KNOXVILLE, Tenn. (WVLT) -- A missing Knoxville 5-year-old was found safe in Nashville on Tuesday afternoon, according to the Knoxville Police Department.
Devontae Clark was found at the Nashville Rescue Mission Women's Campus at 1716 Rosa Parks Drive, Nashville CBS affiliate WTVF reported. Reporters on the scene said the child was inside of a police cruiser with a female adult.
According to crews on scene in Nashville, Devontae was visibly upset. A relative confirmed the little boy tried to run from a police officer.
According to the TBI, Davontae Clark was taken from his aunt's Knoxville home around 1:30 p.m. Monday by a non-custodial parent, Ashlee Clark. An active warrant for custodial interference was issued, and KPD said she was taken into custody Tuesday afternoon.
The Tennessee Bureau of Investigation upgraded the effort to find a missing Knoxville 5-year-old by issuing an AMBER alert Tuesday afternoon.

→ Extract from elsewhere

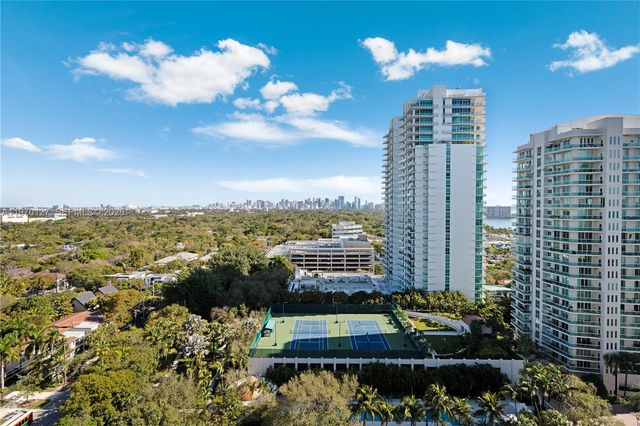 2678 Tigertail Ave 1410, Miami, FL 33133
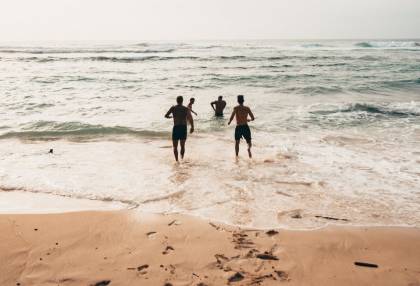 tips-voor-een-veilige-vakantie-met-het-gezin-tijdens-een-pandemie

The child and suspect were originally reported to be last seen in a white Ford Explorer with a temporary license tag.
The United States Department of Justice offers several recommendations for when an AMBER Alert can be issued:
1. There is reasonable belief by law enforcement that an abduction has occurred.
2. The law enforcement agency believes that the child is in imminent danger of serious bodily injury or death.
3. There is enough descriptive information about the victim and the abduction for law enforcement to issue an AMBER Alert to assist in the recovery of the child.
4. The abduction is of a child aged 17 years or younger.
5. The child’s name and other critical data elements, including the Child Abduction flag, have been entered into the National Crime Information Center (NCIC) system.
The Tennessee Bureau of Investigation created its own guidelines for issuing AMBER Alerts, based on national best practices. The bureau reserves AMBER Alerts for the most serious of missing children cases, where law enforcement believes that a child is in imminent danger. In AMBER Alerts, the TBI works with partner agencies – including TEMA, the Tennessee Association of Broadcasters, the National Weather Service, TDOT, and others – to amplify and share information about the missing child and, if available, the suspect, vehicle, and direction of travel.
In order to issue an AMBER Alert in Tennessee, the following criteria must be met:
1. The person is 17 years of age or younger, and;
2. The child is in imminent danger of bodily injury or death, and;
3. There is a description of the child, the abductor or vehicle, and;
4. On a request from another state for activation, there is a direct and identified nexus to the state of Tennessee and that information is conveyed to TBI at the time of the request.